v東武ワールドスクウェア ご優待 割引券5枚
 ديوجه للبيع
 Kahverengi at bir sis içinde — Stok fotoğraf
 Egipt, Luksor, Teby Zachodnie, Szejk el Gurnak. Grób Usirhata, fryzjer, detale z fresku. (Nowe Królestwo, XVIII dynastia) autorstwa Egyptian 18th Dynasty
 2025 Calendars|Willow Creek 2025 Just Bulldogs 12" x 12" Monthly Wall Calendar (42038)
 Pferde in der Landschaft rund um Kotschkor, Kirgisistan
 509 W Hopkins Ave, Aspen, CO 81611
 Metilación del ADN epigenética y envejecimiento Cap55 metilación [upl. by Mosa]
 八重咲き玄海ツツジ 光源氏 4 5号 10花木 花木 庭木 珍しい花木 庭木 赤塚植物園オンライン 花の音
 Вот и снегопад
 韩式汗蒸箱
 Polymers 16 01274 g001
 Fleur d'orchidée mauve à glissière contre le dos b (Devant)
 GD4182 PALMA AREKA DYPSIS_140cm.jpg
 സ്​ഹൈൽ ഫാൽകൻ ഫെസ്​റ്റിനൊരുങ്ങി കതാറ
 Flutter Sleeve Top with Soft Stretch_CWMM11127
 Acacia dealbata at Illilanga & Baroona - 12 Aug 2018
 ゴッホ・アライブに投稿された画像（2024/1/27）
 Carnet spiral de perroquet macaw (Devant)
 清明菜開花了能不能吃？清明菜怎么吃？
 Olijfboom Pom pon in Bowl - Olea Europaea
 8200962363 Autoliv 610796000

### [Exercise brief]
Your answer should consist of each line of the data above in which the word "Devant" occurs.

### [Solution to this exercise]
 Fleur d'orchidée mauve à glissière contre le dos b (Devant)
 Carnet spiral de perroquet macaw (Devant)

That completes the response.